## Work order
Please write out every line of the material, leaving out any picture.

## Information supplied
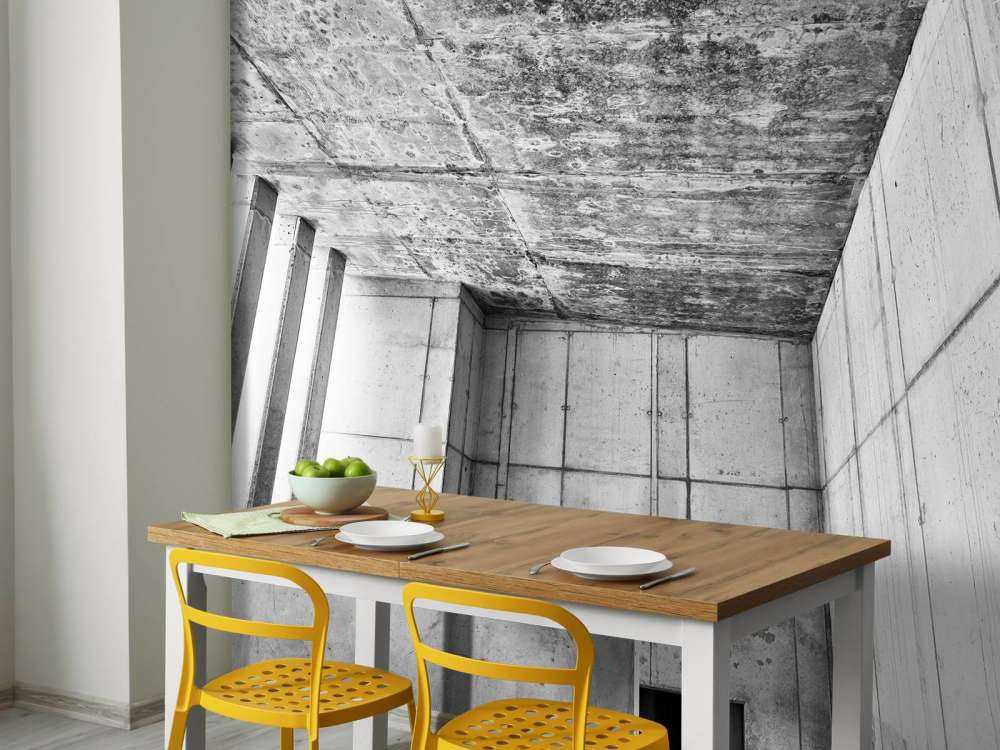 Beton 3D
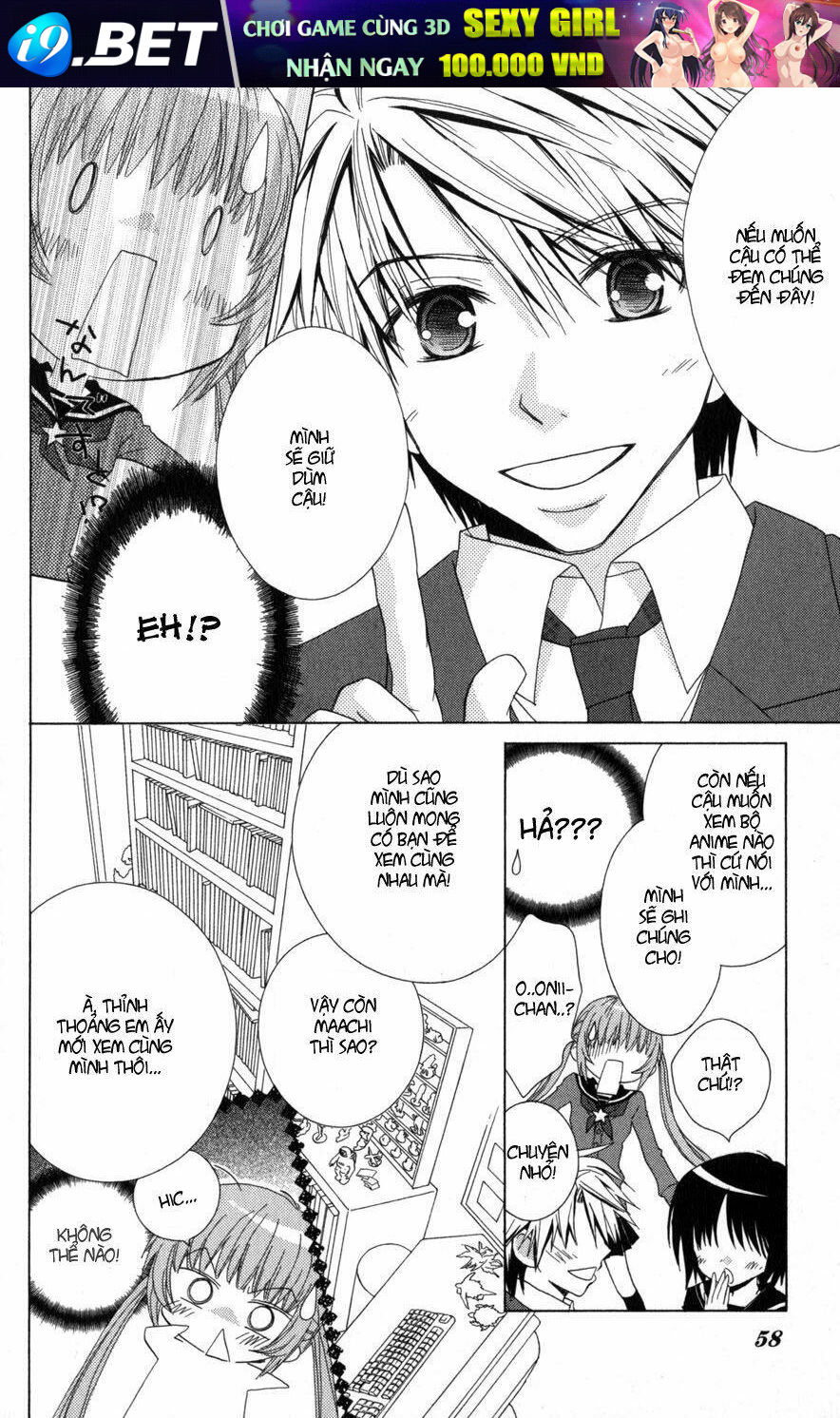 ani complex chapter 2 13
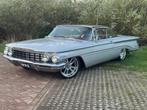Oldsmobile SUPER 88, Auto's, 318 pk, Gebruikt, 8 cilinders, Overige carrosserieën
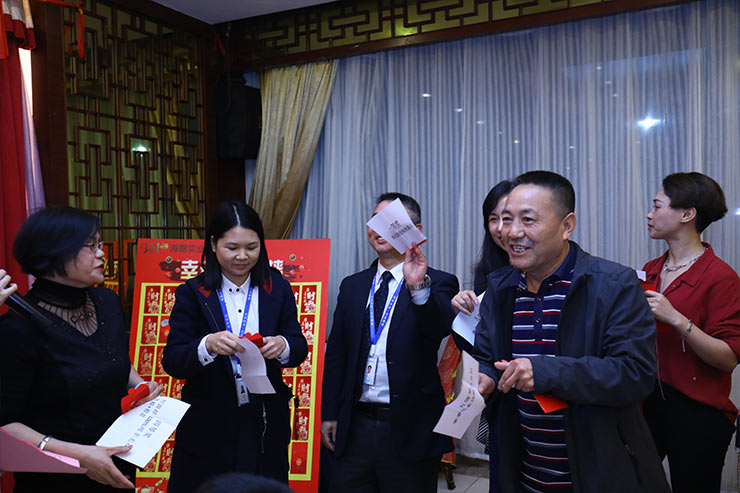 必发7790(中国区)电子集团-线上平台登录入口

## Expected answer
 Beton 3D
 ani complex chapter 2 13
Oldsmobile SUPER 88, Auto's, 318 pk, Gebruikt, 8 cilinders, Overige carrosserieën
 必发7790(中国区)电子集团-线上平台登录入口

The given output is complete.